As Kansas Rep. Ron Estes points out, the costs are always shifted onto the states.

“Kansans will be left on the hook to pay for this expansion,” Estes said in an emailed statement. “States that choose to do so have seen the cost far exceed estimates; Ohio’s Medicaid program came in 50% over budget in the first half of the first year they expanded. We need to consider solutions to support uninsured Kansans, like emphasizing community health centers, that don’t endanger our current health system and budget.”

The Foundation for Government Accountability reports: “In states that expand Medicaid, enrollment numbers consistently shatter projections. Some states have enrolled twice as many — sometimes even four times as many people — as they ever said they would enroll.

“The natural consequence of this is that Medicaid costs also shatter projections and crowd out other budget priorities. California, for example, enrolled 278 percent more people than planned. Because of this, they ran into a $54 billion deficit that forced them to cut money from education to foot the bill.

“This is a common occurrence in expansion states: Massive budget shortfalls result in fewer resources available for priorities like education, transportation, law enforcement, and other programs that benefit the truly needy.”

FGA also points out that over 54 percent of those who would qualify for Medicaid if their state expanded already have private health coverage and in some states the number is as high as 71 percent.

“Currently, people who are between 100 and 150 percent of the FPL can get private, silver-level plans on the ObamaCare exchange at no cost to themselves,” FGA writes.

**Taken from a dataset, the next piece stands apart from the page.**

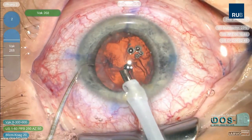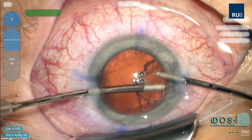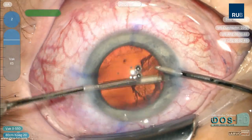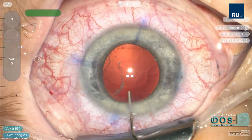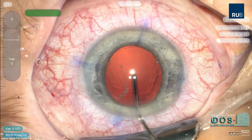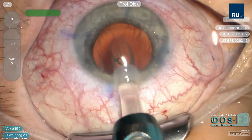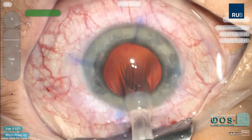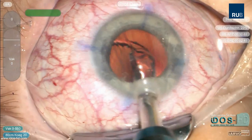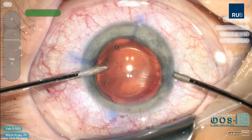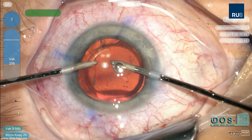The cortex is removed with bimanual irrigation and aspiration. The anterior chamber is filled with OVD and a toric intraocular lens is carefully implanted. Bimanual irrigation and aspiration is then used to remove the OVD.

However, when states choose to expand Medicaid, able-bodied adults with income between 100 and 138 percent of the FPL become eligible for Medicaid and automatically lose access to the free, private health insurance plans.

Rather than make up for the oft-touted “coverage gap”— expansion forces able-bodied adults off private insurance with better coverage and onto Medicaid.

False claim of saving rural hospitals

Advocates of expansion — and bills like this — often argue that expansion will “save rural hospitals.”

Indeed, in October 2018 after the Fort Scott hospital closed, Governor Laura Kelly couldn’t wait to get to a mic to decry the death of another rural hospital.

“This should not have happened,” Gov. Laura Kelly said in October 2018 after Fort Scott’s Mercy Hospital closed. “Simply put: if Kansas had expanded Medicaid, Fort Scott would still have a hospital.”

Except that wasn’t true.

“In Fort Scott, the figure that was given to me was around $14 million that the hospital had lost and that expansion of Medicaid would have only brought in around two million,” Collins (R-Mulberry) wrote in an emailed response to questions from the Morning Sun in April of 2019. “That would not have saved that hospital.”

Again, FGA: “Studies show ‘no significant difference’ in improved financial status of hospitals in expansion states compared to states that rejected ObamaCare expansion.”

Biden wants to force expansion

According to the Topeka Capital-Journal, Doggett hopes to use the budget reconciliation process — and it’s notable the bill was referred to the Committee on Energy and Commerce — to shove the proposal past Republican opposition, and the Biden administration is continuing to put pressure on states — and use the coercive power of the federal government to do so.

“Even if it doesn’t move forward, however, there will likely continue to be an interest from Congress and President Joe Biden‘s administration to induce the holdout states to pursue expansion,” the Cap-Journal’s Andrew Bahl wrote. “The Biden administration, for instance, is threatening not to renew a key Medicaid waiver for Texas — potentially costing the state billions of dollars — in an effort to force it to expand.”